Language of document : ECLI:EU:F:2013:117

JUDGMENT OF THE EUROPEAN UNION CIVIL SERVICE TRIBUNAL

(Second Chamber)

11 July 2013

Case F‑86/12

Daria Haupt-Lizer

v

European Commission

(Civil service — Open competition EPSO/AD/60/06 — Extension of the validity of the reserve list owing to maternity leave and parental leave — Principle of equal treatment for men and women — Discrimination on the ground of sex)

Application:      brought under Article 270 TFEU, applicable to the EAEC Treaty pursuant to Article 106a thereof, whereby Ms Haupt-Lizer seeks, primarily, annulment of the decision of 17 October 2011 not to extend the validity of the reserve list in open competition EPSO/AD/60/06 beyond 31 December 2011.

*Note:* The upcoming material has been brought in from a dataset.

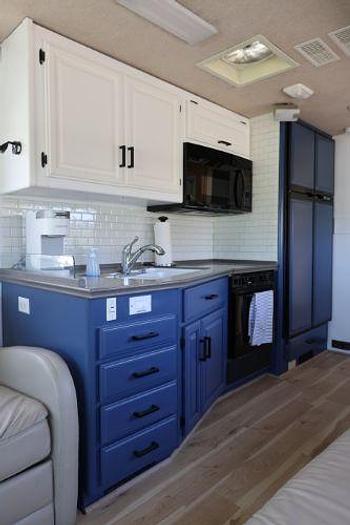 Used 2002 Fleetwood Discovery 37U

Held:      The action is dismissed. Ms Haupt-Lizer is to bear her own costs and is ordered to pay the costs incurred by the European Commission.

Summary

1.      Officials — Recruitment — Competitions — Legal nature of the relationship between the successful candidate and the institution organising an open competition — Applicability of a national law — Not included

(Staff Regulations, Art. 27)

2.      Officials — Equal treatment — Request to extend the validity of a reserve list owing to the maternity leave and parental leave of a successful candidate — Rejection — Discrimination on the ground of sex — None

(European Parliament and Council Directive 2006/54; Council Directives 92/85 and 96/34)

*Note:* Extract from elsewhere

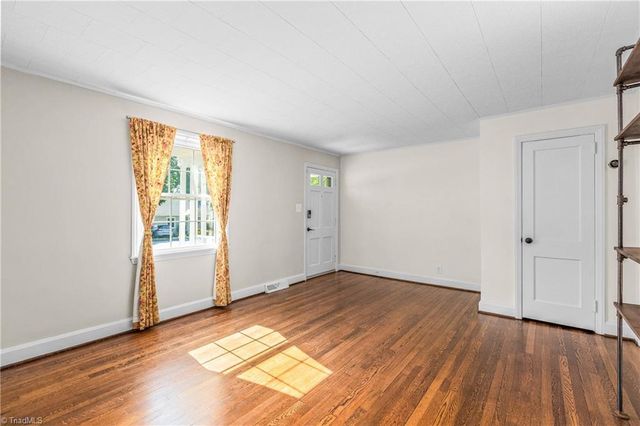 1008 Madison Avenue, Winston-salem, NC 27103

1.      The relationship between the institutions and the successful candidates in a competition organised in application of Article 27 of the Staff Regulations cannot be governed by the provisions of a national law.

(see para. 45)

2.      It does not follow from the provisions of EU law governing maternity leave and parental leave that a person who has exercised his right to one or other of those types of leave could require a potential employer to suspend in regard to him the procedures in which he is involved. Consequently, a successful candidate in a competition cannot maintain that the exercise of those rights objectively prevented him from taking steps to be recruited by an EU institution.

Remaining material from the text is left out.